“Our voice over guy was this bloke called Ray McGregor,” writes Chris Rieger – AUDIO

Recently I was unpacking some old boxes full of tapes and radio memorabilia that I’ve collected throughout my near 25 years as a broadcaster.

Some of them have been unheard and not played in over a decade or more (cassettes, so old school right?).

I’m scared to go through them because I know there’ll be old airchecks from my early days… at 4VL, 2WEB, 4AM, 4CC, 4LM & HOT FM, 4MB …. even 4KQ & 97.3FM.

I’ve also got tapes here with 3XY’s final 3 hours, a Hot Hit Survey with POC and Stubbsy, air-checks of Magic693, the launch of 3EE & SEA-FM Harvey Bay… TT-FM – who knows what’s on the others.

One tape, in particular, stood out. It’s marked “4CC Promo Tape #1” and features a bunch of promos I’d put together during my time as Production Manager at 4CC Gladstone.

In those days 4CC was the “hub” for a bunch of Rural Press stations – 4HI Emerald, 4ZR Roma and 4AM Mareeba.

Thinking back, it was probably ahead of its time, as the year was 1996 and everything was on a computer. Before that I’d been playing records, commercials off cart and segments off the reel to reel (Nick Erby‘s Country Music Jamboree anyone?).

At the heart of the hub was a brilliant computer system called Audisk (I say that with sarcasm). We had a computer that played out the music – and three local machines for commercials.

There was a Rocky machine (1584am), A Bilo machine (666am) and a Gladstone machine (927am).

When you fired off the ad break, you’d hope to hell traffic had filled the spot blocks to an exact same length – if they hadn’t, it’d stop short, and there wasn’t much you could but sit and cringe or hope the filler Coke commercial would play.

I reckon they received more free advertising out of us than anyone else! Sometimes I’d be in my production studio, and I’d hear a thud – on an investigation, it was usually night jock John Piva throwing something at the wall in frustration (Hey Piv!).

The only PC that would crossfade was the music computer. For commercials – one audio file would have to finish before the next one started so there were gaps everywhere – even with the tightest production, 29.9 seconds. It sounded like a train wreck.

Back to the Promo Tape!

Our voice over guy was this bloke called Ray McGregor. I knew he was. I’d heard his big booming voice on FOX FM, and many other stations over the years. He was a genius behind the microphone. One of those voices you’d recognise in a heartbeat. Not these lightweight 20ish sounding guys everyone seems to gravitate to in 2017.

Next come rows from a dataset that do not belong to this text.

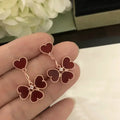Belle&Kai Women’s Jewelry – Elegant & Timeless Accessories-belleandkai.com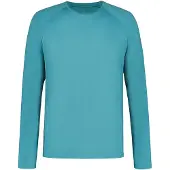 Rukka T-shirt à Manches Longues Muosto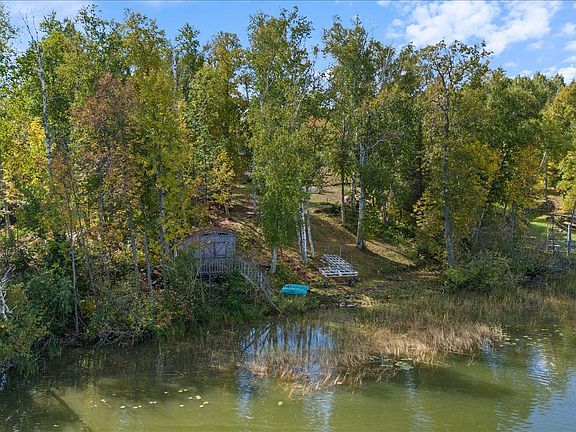 5th image of 38005 Little Moose Lake Rd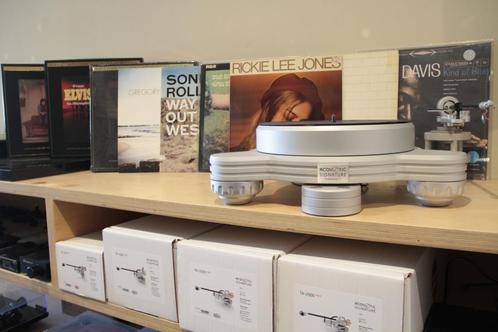 Vinyl  Lp's  Platen  Nieuw en Tweedehands, Cd's en Dvd's, Vinyl | Pop, Zo goed als nieuw, 1980 tot 2000, 12 inch, Ophalen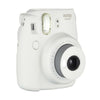 Fuji Film Instax Mini 8 Instant Camera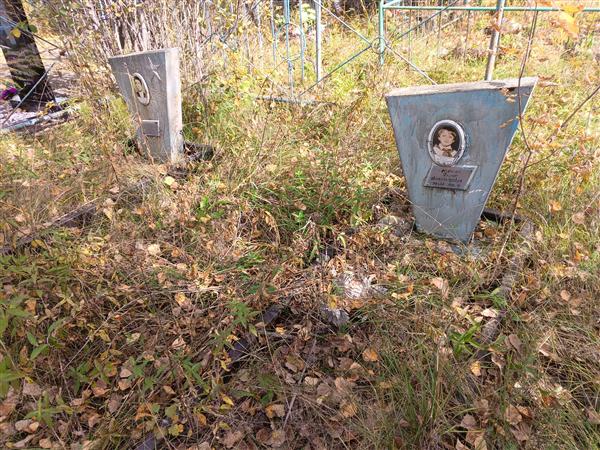 Малыгин Александр Александрович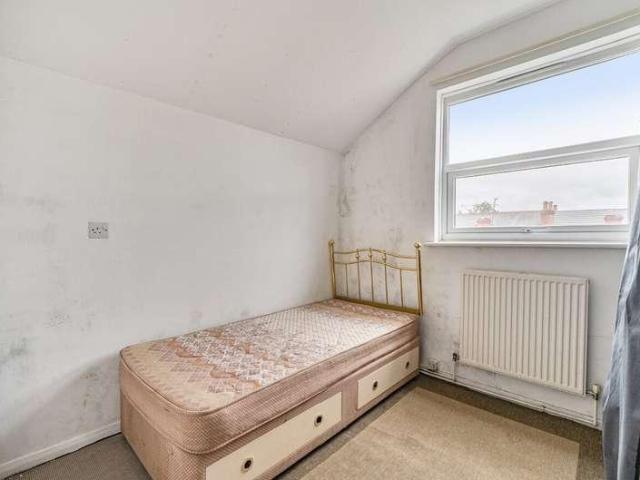 House for sale in Whitley, Reading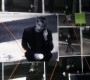 910Smallville0574.jpg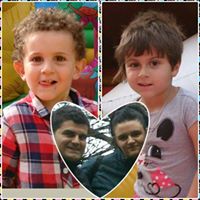 Laura Campillo Photo 3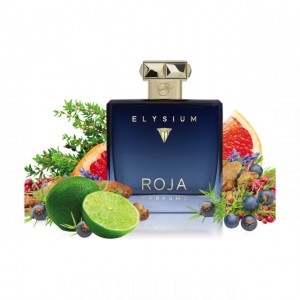 Roja Dove Elysium Pour Homme Parfum Cologne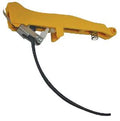 Trigger/Igniter Assembly Shrinkwrap Accessories T3137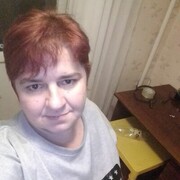  ,   , 49 ,   ,   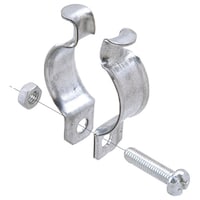 �l�O���X�d�H�@�p�C���b�N�N���b�v�@�T�S�b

When I say genius – the man could take the worst script ever written and turn it into something magical.

He didn’t need my direction – hell, I was 21 – he had been around for years, and more than knew how to read a script.

In those days, you’d fax off your promo scripts and then wait a couple of days for the reel to reel tape to return with the session. That was the highlight – putting those reels on and pumping up the volume to hear his amazing voice. The out-takes were just pure gold, often a tad filthy.

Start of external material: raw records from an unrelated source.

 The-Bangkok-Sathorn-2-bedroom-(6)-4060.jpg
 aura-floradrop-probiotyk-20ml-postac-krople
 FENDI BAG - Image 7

He had a wicked sense of humour, and he knew how to communicate – it was like he was there in the booth, but I was still learning the art of production.

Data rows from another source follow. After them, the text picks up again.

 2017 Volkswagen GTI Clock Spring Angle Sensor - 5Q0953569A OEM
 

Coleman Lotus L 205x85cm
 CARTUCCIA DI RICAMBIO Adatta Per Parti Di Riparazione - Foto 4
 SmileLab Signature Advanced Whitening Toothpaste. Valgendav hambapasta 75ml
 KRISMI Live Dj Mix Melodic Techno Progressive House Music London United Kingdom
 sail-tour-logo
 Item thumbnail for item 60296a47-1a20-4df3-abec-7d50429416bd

A guy I worked with called Kyle Sandilands (you may know the name) was the promotions manager and would co-host a couple of hours on breakfast.

I remember he’d bring in air-checks of B105 and say “just copy this” – so I’d listen and then try to emulate the production style. Back then Austereo set the bar. Some of the stuff I did worked, some of it didn’t.

The main issue was the production gear. It wasn’t anywhere near as good as Ray’s voice. We had this 8-track recorder we nicknamed R2DT – you’d get to the end of a master reel and hit rewind and it would stop mid-way – you’d then have to spend the next 5 minutes manually rewinding the reels.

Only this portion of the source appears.